The D Language: A sweet-spot between Python and C
weaselcat via Digitalmars-d
digitalmars-d at puremagic.com
Sun Mar 29 21:48:15 PDT 2015
On Monday, 30 March 2015 at 04:35:44 UTC, Rikki Cattermole wrote:
> On 30/03/2015 5:25 p.m., Laeeth Isharc wrote:
>> On Monday, 30 March 2015 at 04:16:38 UTC, weaselcat wrote:
>>> On Monday, 30 March 2015 at 00:57:06 UTC, Walter Bright wrote:
>>>> http://blog.experimentalworks.net/2015/01/the-d-language-a-sweet-spot-between-python-and-c/
>>>>
>>>>
>>>> Reddit:
>>>> https://www.reddit.com/r/programming/comments/30qqck/the_d_language_a_sweetspot_between_python_and_c/
>>>>
>>>
>>> a lot of the people in the thread are unaware that D even has
>>> RAII
>>> like C++, and think it's just a GC language like java/etc.
>>> Maybe this
>>> is something worth mentioning more on the introduction?
>>
>> Also, there is a perception that you can't use the standard
>> library and
>> nicer language features if you do your own allocation and
>> don't depend
>> on the GC. A guy worrying about hygiene problems mixing GC
>> and Raii
>> libraries. Whereas most garbage is small and fine to use GC
>> for in some
>> applications - only a subset of real time applications suffer
>> from
>> generating gazillions of tiny objects. It would be good to
>> set out
>> somewhere what you lose as regards std library by insisting on
>> using
>> nogc. The point about std.algorithm should be made more
>> prominent.
>
> I'm currently working on the forcing GC cleanup mechanism for
> my web server. I would like to add, that post GC disabled it
> can be forced to do a cleanup.
>
> But I would go a step further, do a force minimize of memory
> back to the OS and reserve e.g. 32mb. Really what would be nice
> is a, reserveMax function that and anything else is free'd back
> to the OS.
>
> The reserve, means that even if you are sloppy and end up using
> the GC in critical code, it won't matter. The memory is already
> allocated. Cleaning up can happen during non critical times.

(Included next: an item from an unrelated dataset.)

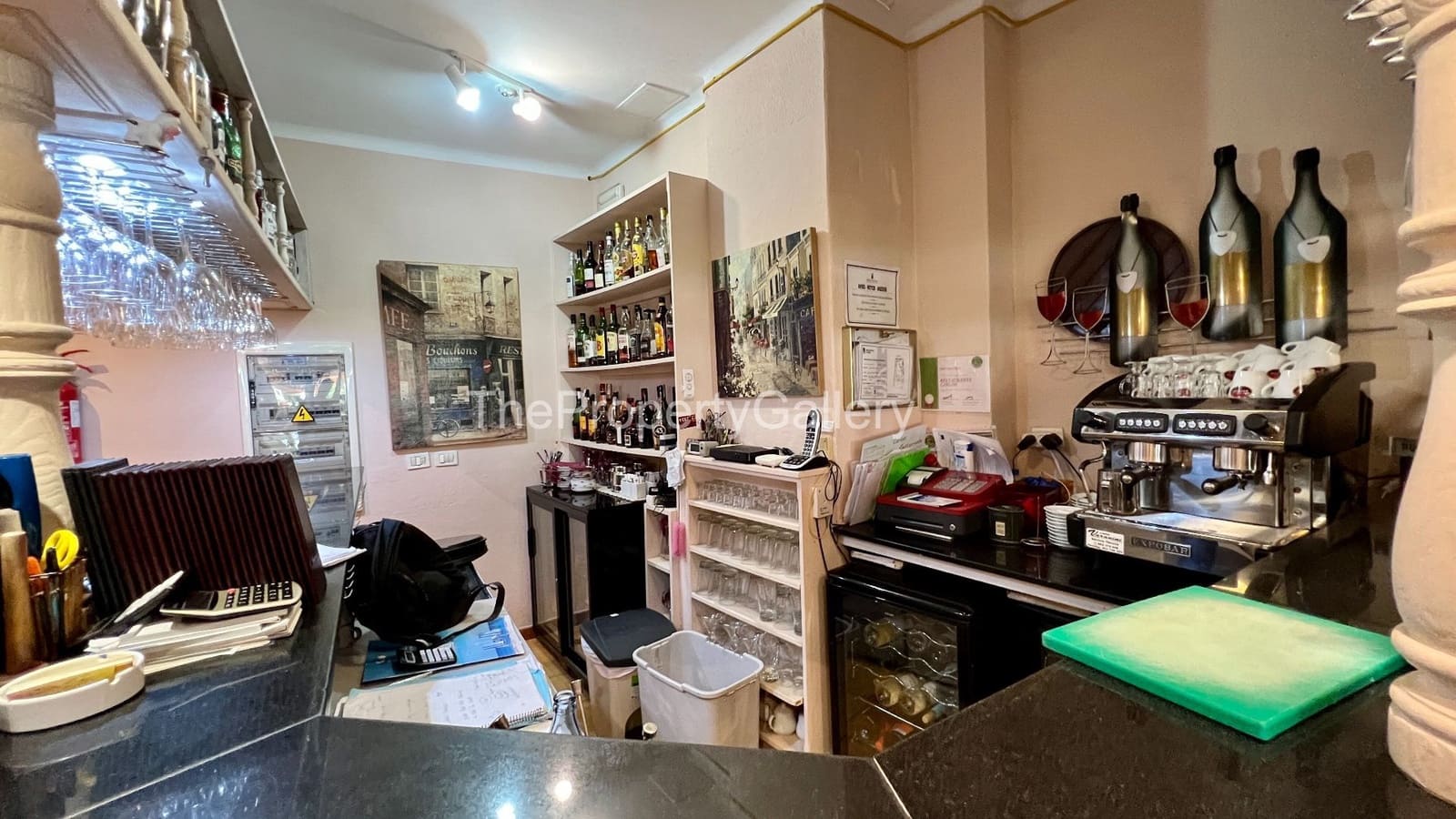 Erhverv til salg i Costa Adeje med garage - € 695.000 (Ref: 8061993)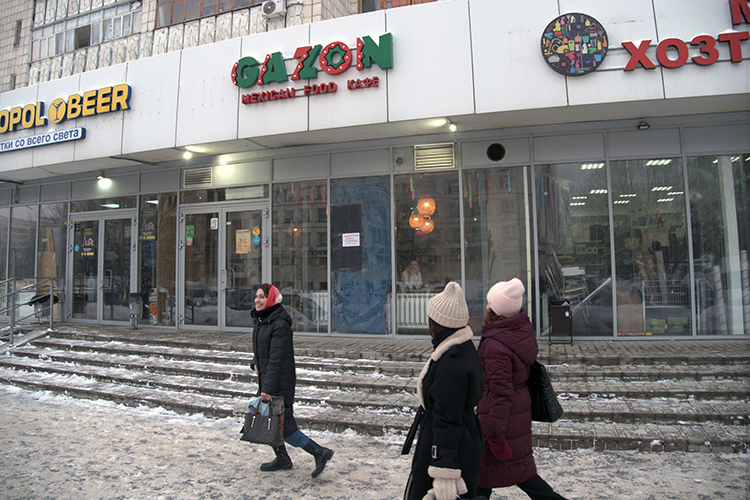 Проект Gazon появился в Казани в 2017 году как поп-ап проект на фудкортах дизайнерских маркетов и гастрономических фестивалях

> After all, if you are using more then e.g. 32mb in critical
> code, you are doing something wrong.
I actually use D for a pet project of mine(a game! ;) ) and this
is what I do. I leave the GC disabled and essentially just use it
as a free store(while not haphazardly abusing it,) and just
manually clean it during opportune times.
It's also better to have a single pause for a large cleanup than
many small pauses, the overhead of actually scanning the memory
will kill you.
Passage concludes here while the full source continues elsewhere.